#### [Assignment]
Stop at the line that contains "Схема запчастей Case". Until then, set down each line of the records exactly, beginning with the first, and skip pictures.

☆ ☆ ☆ ☆ ☆ ☆ ☆

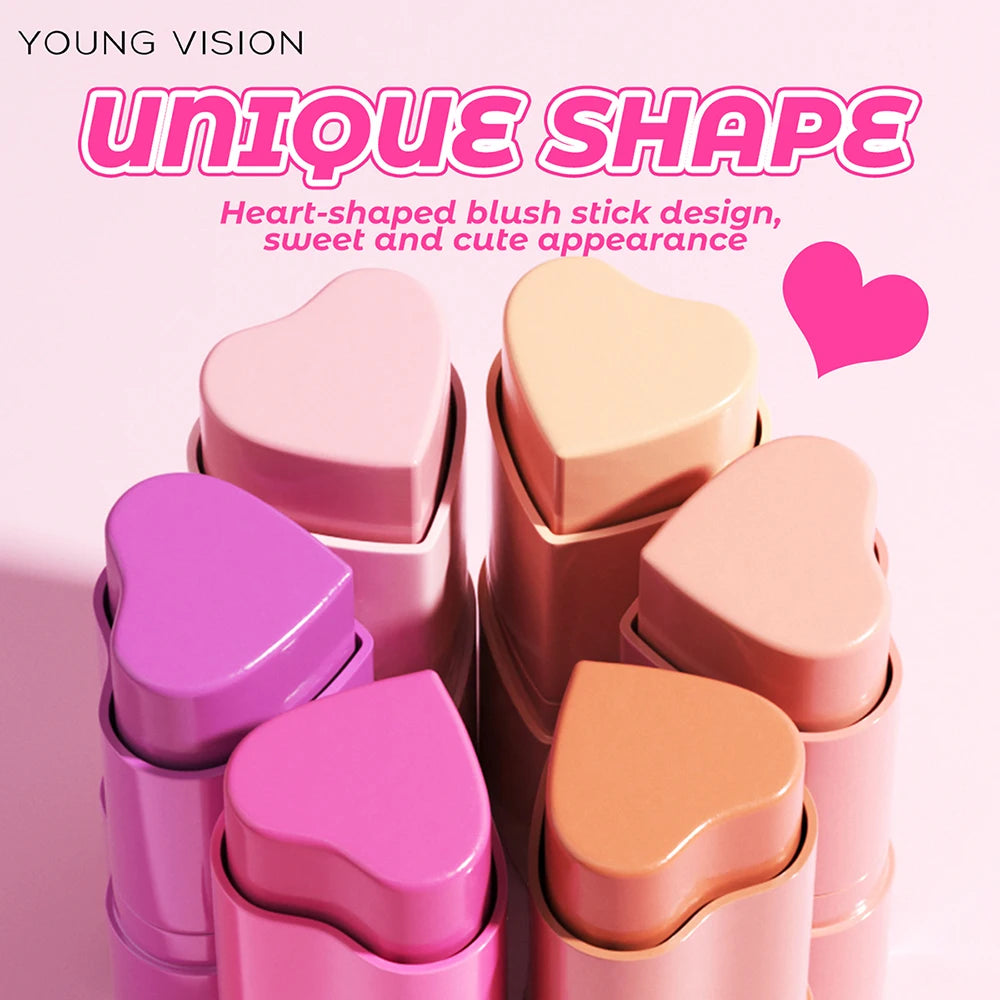 Six-Color Matte Heart Blush 3-in-1 Stick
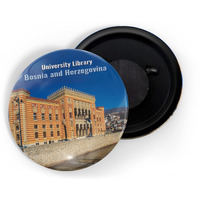 Dhcrafts Fridge Magnet Multicolor Famous Tourist Place University Library Bosniaand Herzegovina Glossy Finish Design Pack Of 1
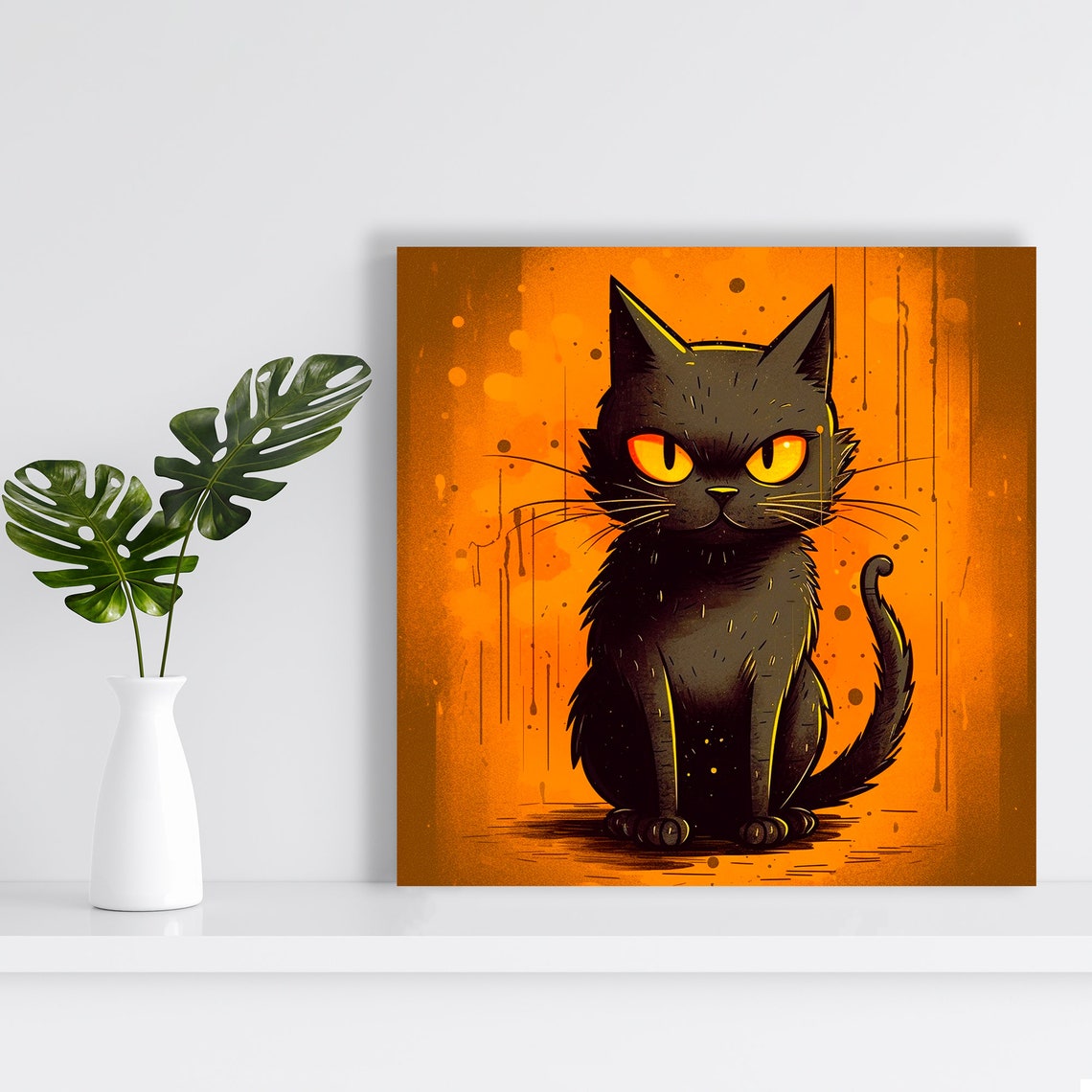 Black Cat Glowing Orange Eyes Moody Halloween Wall Art Poster - Image 2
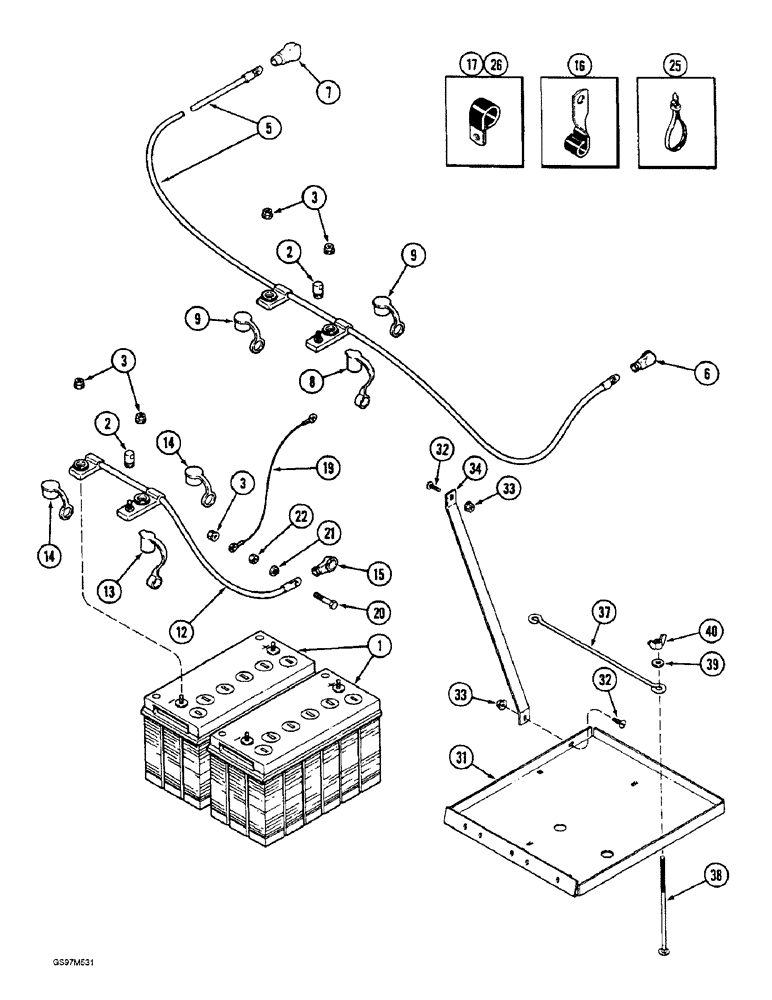 Схема запчастей Case IH 1660 - (4-60) - BATTERY AND BATTERY CABLES, WITH STUD POSTS, PRIOR TO P.I.N. JJC0102422 (06) - ELECTRICAL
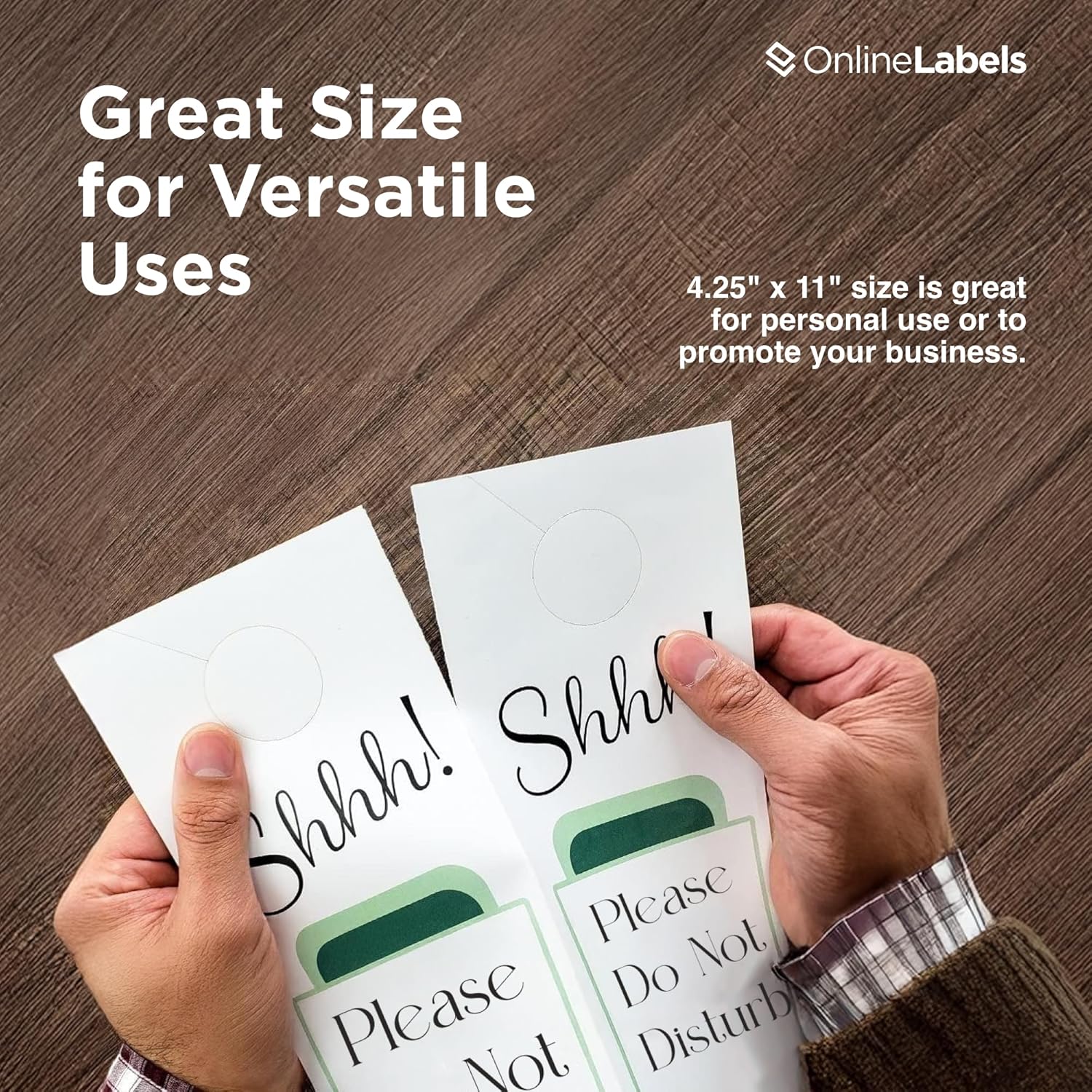 Door Hangers - 4.25 x 11 - Cardstock - Pack of 200, 100 Sheets - Inkjet/Laser Printer - Online Labels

☆ ☆ ☆ ☆ ☆ ☆ ☆

#### [Solved exercise]
 Six-Color Matte Heart Blush 3-in-1 Stick
 Dhcrafts Fridge Magnet Multicolor Famous Tourist Place University Library Bosniaand Herzegovina Glossy Finish Design Pack Of 1
 Black Cat Glowing Orange Eyes Moody Halloween Wall Art Poster - Image 2
 Схема запчастей Case IH 1660 - (4-60) - BATTERY AND BATTERY CABLES, WITH STUD POSTS, PRIOR TO P.I.N. JJC0102422 (06) - ELECTRICAL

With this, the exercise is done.